The only way you could mess this up is to do nothing. It's time to find out what the guy is thinking.

There are several ways to do that. You can call him. You can write him. You can get a mutual friend to tell him how you feel. The truth is, it doesn't matter how you do it, or what words you use. It's a simple message: "I really care about you. How do you feel about me?"

It's not traditional for a girl to ask that question, but considering your history with this guy, I think you can afford to be honest with him. If you're not comfortable telling him how you feel, you can at least show him by paying extra attention to him, spending more time with him, or sending him thoughtful notes to brighten his day. To be honest, some guys can be a little dense when it comes to picking up a girl's signals, so don't be surprised if this more subtle approach goes right over his head.

Three years is long enough to wonder. Since your feelings have remained strong all this time, you really need to find out what's going on.

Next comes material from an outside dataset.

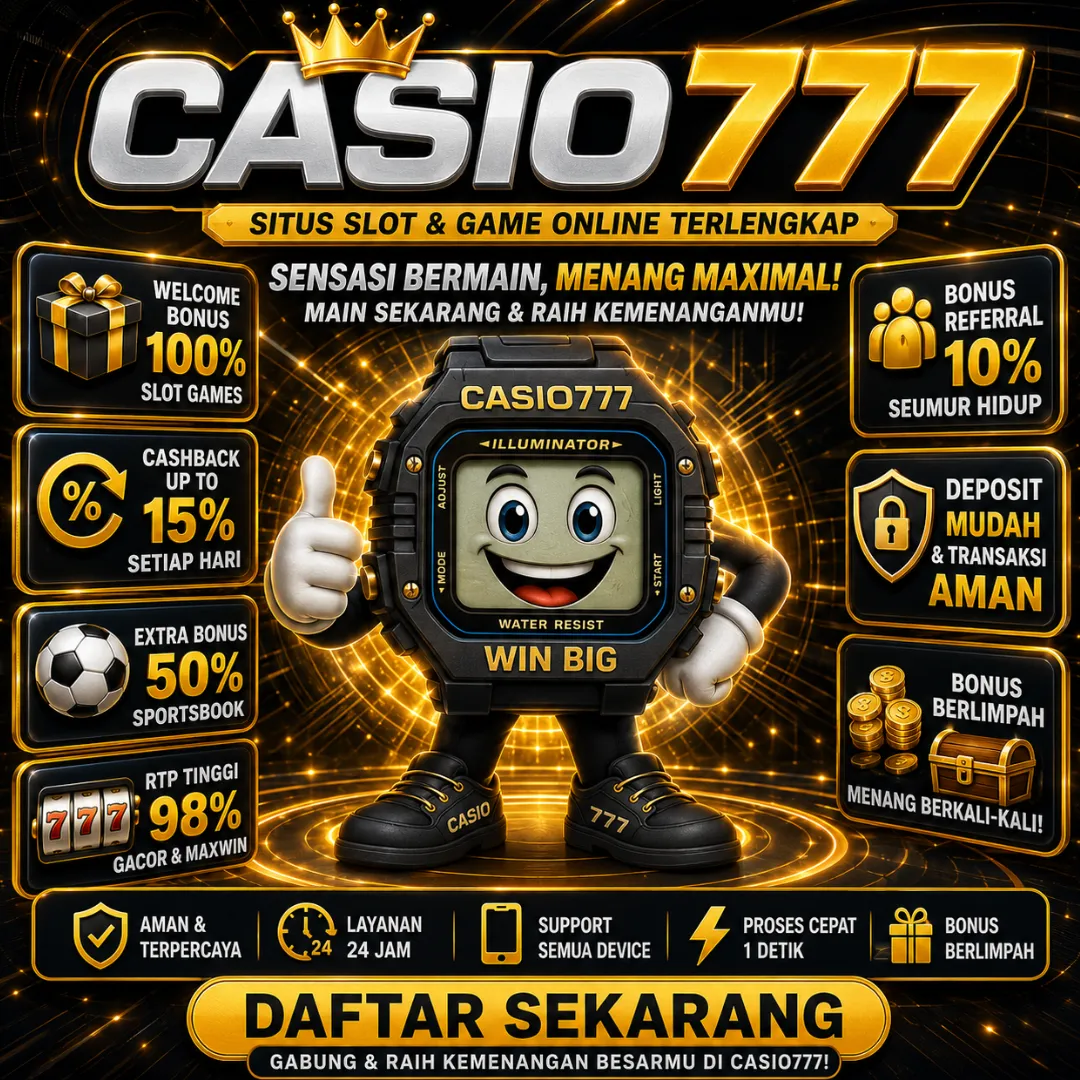 CASIO777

Go ahead and tell him how you feel. No matter what his reply, at least you can face reality and move on with your life.


How Do I Figure Out My Sexual Limits?


I've always planned on saving sex for marriage. I thought it was a black-and-white issue, but now it seems like it's getting more gray. I've heard people say you should do whatever seems right to you, whatever you're comfortable with. But I don't know what I'm comfortable with. There are things I think I enjoy, but I still feel guilty about them. How do I know what's best for me?


You're right. "How far is too far" is not a black-and-white issue, but it is a lot less gray than you might think. Going by what's "comfortable," or what "seems right" doesn't help you figure out how far you should go. But the Bible does give you the kind of help you need. It doesn't spell out in detail what's right or wrong, but it tells us a lot about godly sexuality.

The Bible tells us we're meant to live with peace, patience, and self-control (Galatians 5:22). That applies to the physical part of a dating relationship, too. You need to determine if the things you do with your dates are part of a peaceful life (hint: feelings of guilt are quite different from feelings of peace). Do they help you develop patience? Could you date for several months, a year, two years, without compromising your desire to remain a virgin? Physical involvement tends to move forward. The more physically intimate you become, the more sexual excitement builds up. And it's tough to stop once you've started. You need to set limits you can sustain for the long haul. And that takes self-control.